2. Calvinistic Methodists: After the death of Whitefield, the Calvinistic Methodists divided into three sects. The first, known as Lady Huntingdon's Connection (see Huntingdon, Selina Hastings, Countess of), observed strictly the liturgical forms of the Church of England, and instead of an itinerant ministry instituted a settled pastorate. As practically a congregational .polity was adopted, many of the congregations became associated with the collection of Congregational churches. The second division was the Tabernacle Connection, or Whitefield Methodists. As each society considered itself independent, they soon disappeared as a distinctive denomination, most of them affiliating with the Congregationalists or Independents. The third was the Welsh Calvinistic Methodists (see Presbyterians), organized in 1743. They have prospered, extending principally in Wales and reaching the United States by way of immigration. They are influential and vigorous, at times experiencing revivals of such intensity as to attract the attention of the Christian world. After contributing for many years to the London Missionary Society, the Welsh Calvinistic Methodist Foreign Missionary Society was founded in Liverpool in 1840. Its first attempts were in India, where persevering faith has been rewarded. There are more than 500 preaching-places, 450 day schools, 6,000 communicants, and nearly 20,000 attendants.

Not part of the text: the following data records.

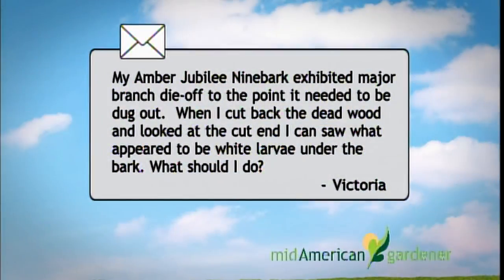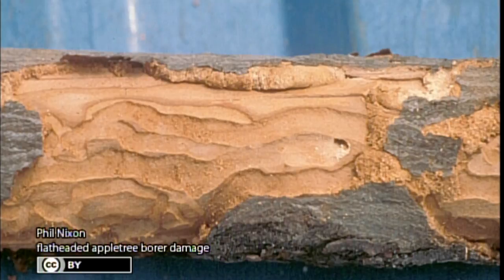Last but not least, I'm Phil Nixon, an extension entomologist with the University of Illinois — I study insects, so I'll take your bug questions. We have an email from Victoria: one of her Amber Jubilee nine barks has exhibited major branch die-off to the point it needs to be dug out. When she cuts back the dead wood and looks at the cut ends, she sees what appear to be white larvae under the bark. What might they be and how can she control them to save her other bushes?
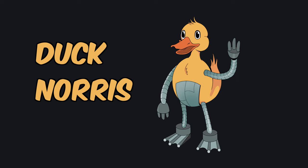Hi, I'm Rithika. I'm the visual designer at DeepSource and today we're going to talk about Duck Norris, our new mascot.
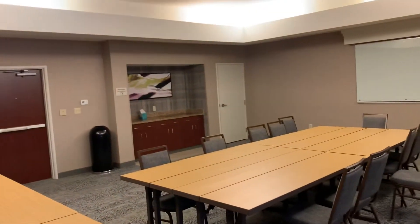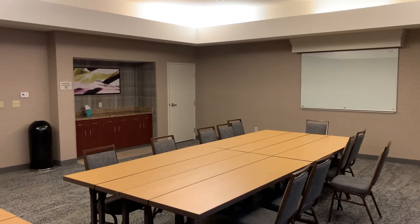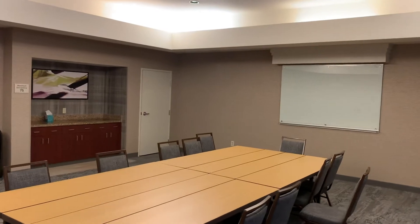Hey everybody, Dave Cook with Chad. We're actually doing a couple of touch-ups at the hotel. We just got done with one of the conference rooms — it's got an accent wall there, and then you can't see them from back here.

3. The Methodist New Connection: Alexander Kilham, born in Epworth, 1762, of Methodist parents, became a local preacher, and in 1785 Wesley received him into the regular itinerant ministry. As he grew in influence he proposed various alterations. Three years before the death of Wesley, Kilham made known his design of petitioning the conference "to let us have the liberty of Englishmen, and to give the Lord's Supper to our societies." He sent petitions to the conference of 1791, and submitted a new system of government for the connection. As discussion progressed he grew more determined, appealing to God "to destroy everything that belongs to despotism wherever it appears." At the conference of 1796 he was put upon trial. After hot debate the conference unanimously adjudged him "unworthy of being a member of the Methodist Connection." Soon afterward he began the formation of the Methodist New Connection. In places where the Wesleyans would not allow him to preach in their chapels, dissenters opened their houses of worship. To disseminate his views he established, at Leeds, a periodical called The Monitor. In Leeds 167 class-leaders and other officers, and sixty-seven delegates from the trustees of the connection appeared at the conference of 1797, calling for changes in the government. The spread of sympathy with Kilham's projects within the pale of the Wesleyan connection caused alarm.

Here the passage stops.